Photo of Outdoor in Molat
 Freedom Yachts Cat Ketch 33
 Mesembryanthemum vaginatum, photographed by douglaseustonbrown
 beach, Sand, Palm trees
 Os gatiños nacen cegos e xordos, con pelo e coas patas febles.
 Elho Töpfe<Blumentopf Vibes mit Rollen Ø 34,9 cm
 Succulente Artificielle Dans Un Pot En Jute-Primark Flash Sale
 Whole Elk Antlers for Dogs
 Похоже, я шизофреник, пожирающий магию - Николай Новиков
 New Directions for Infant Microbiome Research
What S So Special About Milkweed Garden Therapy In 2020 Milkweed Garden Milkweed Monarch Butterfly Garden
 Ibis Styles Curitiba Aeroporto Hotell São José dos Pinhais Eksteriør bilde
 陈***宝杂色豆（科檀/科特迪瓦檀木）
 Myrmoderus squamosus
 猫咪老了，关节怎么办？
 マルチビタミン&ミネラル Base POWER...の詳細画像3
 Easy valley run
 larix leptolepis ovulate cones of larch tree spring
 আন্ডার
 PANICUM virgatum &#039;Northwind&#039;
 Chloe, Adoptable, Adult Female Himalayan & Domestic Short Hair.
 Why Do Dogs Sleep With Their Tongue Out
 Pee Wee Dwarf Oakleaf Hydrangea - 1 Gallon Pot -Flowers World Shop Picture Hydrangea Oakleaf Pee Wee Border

== Task directions ==
The expected output is each line of the records above that includes the word "Dogs".

== Written solution ==
 Whole Elk Antlers for Dogs
 Why Do Dogs Sleep With Their Tongue Out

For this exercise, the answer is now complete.